Options Premium



Options Premium - Definition


Options Premium is the price of an options contract.

Options Premium - Introduction


What is Options Premium? Is it like an insurance premium? How is does that work in options trading?

Options Premium is one of those terms that are always mentioned in options trading but few people know what it really means. In fact, options premium is one options trading term that has been used to mean very different things by different teachers or education materials and has caused considerable confusion. However, due to the widespread use of the term "Options Premium", options traders must know exactly what it means in order to make sense of the many options lectures or lessons out there.

This tutorial shall explain the different meanings of Options Premium and how it affect your options trading.



What Is Options Premium?


Options premium has been used loosely to refer to the price of an option. Some options guru say you pay "Options Premium" to buy an option and some options guru also say you gain "Options Premium" when you write an option. However, this is exactly where it gets confusing. The pricing of an option is actually made up of two parts; Intrinsic Value and Extrinsic Value (read more about Options Pricing).
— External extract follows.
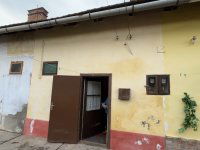 Eladó sorház, Mezőhegyesen, Kozma Ferenc utcában 2.8 M Ft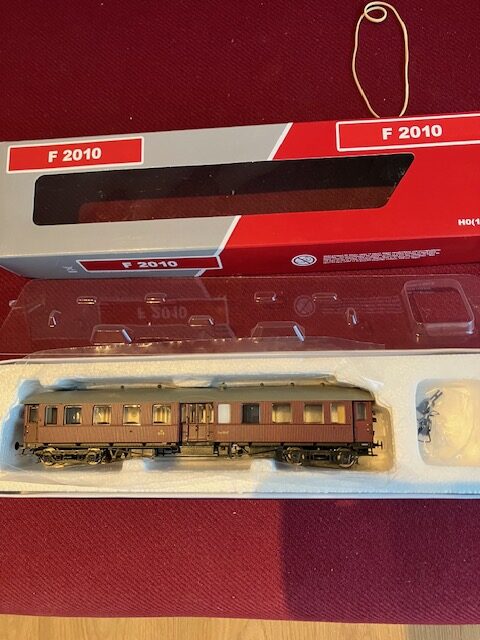 Hobby Trade / F 2010 61105 DSB CRM 3647 . H0 Som ny Fra samling.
You pay the whole price of an option when you buy an option but you really only gain the extrinsic value as profit when you write options if the price of the stock remains stable. The term "Options Premium" has been used interchangably by many options experts to refer to the overall price of an option and the "Extrinsic Value" of an option. As such, options premium can mean:

1. The Whole Price of an Option

or

2. Extrinsic Value of an Option


That's right. There is no standardization as to the exact meaning of the term "Options Premium" and you can still hear options experts on TV using the term to mean either one of the above interchangably. This is why it is very important to clarify the meaning of what "Options Premium" mean with the person delivering the options training particularly in the area of options spreads where the distinction between extrinsic value and the whole price of an option is extremely important.

Two Meanings of Options Premium




Options Premium: Whole Price of an Option


When most of the experts on TV talk about the term "Options Premium" in general talks about investment alternatives, they usually mean the whole price of an option. Statements such as "You pay a premium of $X for a call option" or "You pay an options premium to buy an option" usually refers to the whole price of an option. The rationale behind using the term "Options Premium" in this way is in reference to options being like insurance where you pay a "premium" for the coverage. In this context, options premium usually mean the "Asking Price" of an option (read more about Options Prices).

Options Premium as Whole Price of an Option Example



Assuming AAPL is trading at $385 and its November $380 strike price call option is asking at $6.80.

In this case, the options premium of AAPL's November $380 strike price call option is $6.80, referring to the whole price an the option.




Options Premium: Extrinsic Value of an Option


When talking about options pricing, writing options or options strategies, the term "Options Premium" is widely used to refer to the "Extrinsic Value" of an option. Statements such as "You earn the premium when you write an option" or "The premium value decays over time" usually refers to the extrinsic value of an option. The rationale behind using the term "Options Premium" in this way stems from the idea that you pay a "premium" over its intrinsic value, hence extrinsic value is also known as "premium value".

Options Premium as Extrinsic Value of an Option Example



Assuming AAPL is trading at $385 and its November $380 strike price call option is asking at $6.80.

In this case, the options premium of AAPL's November $380 strike price call option is:

$6.80 - ($385 - $380) = $1.80 referring to the extrinsic value.